The voluminous work of the late J. G. A. Pocock (1924-2023) challenged, redefined, and fashioned multiple fields of study, offering successive moments of transformation in scholarship. The book that emerged from Pocock’s doctorate, The Ancient Constitution and the Feudal Law (1957), was a landmark contribution that affirmed the pivotal role of historiography to politics, as he demonstrates in the debates of seventeenth-century England.
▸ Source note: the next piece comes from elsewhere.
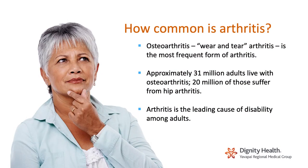It's really important to talk about arthritis of the hip as osteoarthritis, because so many people believe that rheumatoid arthritis — which is very different than garden-variety osteoarthritis — is the arthritis they have. Osteoarthritis is typically a wear-and-tear arthritis. It happens as people get older, and it's one of the most common morbidities in the United States in people over age 50. Approximately 31 million adults live with some form of osteoarthritis, and about 20 million of those suffer from hip arthritis specifically. In the senior population, arthritis is the leading cause of disability, and as such, it has a tremendous economic burden.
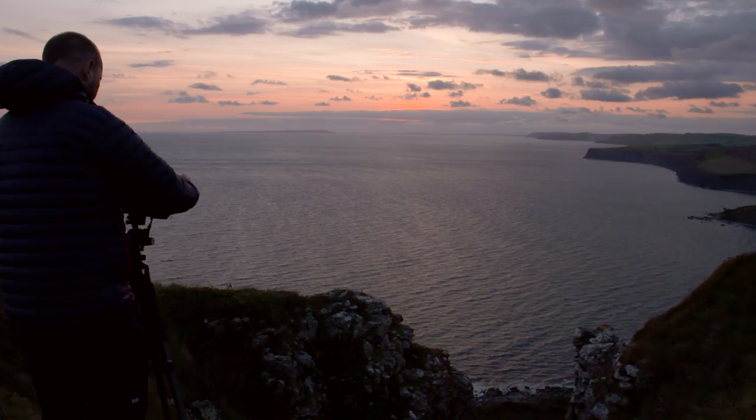So that's Lee's range of Reverse ND filters — the perfect filters for giving natural results at sunrise and sunset.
Pocock is perhaps most famous for his theoretical and historical challenge to liberalism and capitalism, most notably in his commanding chef-d’oeuvre on civic humanism, the republican tradition, and political economy, The Machiavellian Moment (1975), a work inextricably tied to the co-creation and development of a contextualist history of political thought as well as a revived interest in republicanism within contemporary political theory. This self-reflexive ‘Cambridge method’ to investigating the past, orientated towards context and sensitive to theory, language, and historicity, has also been associated with Quentin Skinner, John Dunn, Peter Laslett, and others. Pocock’s own contribution was groundbreaking in its scope, but also in its stress on the essential role of temporality in the history of political thinking and its discourse.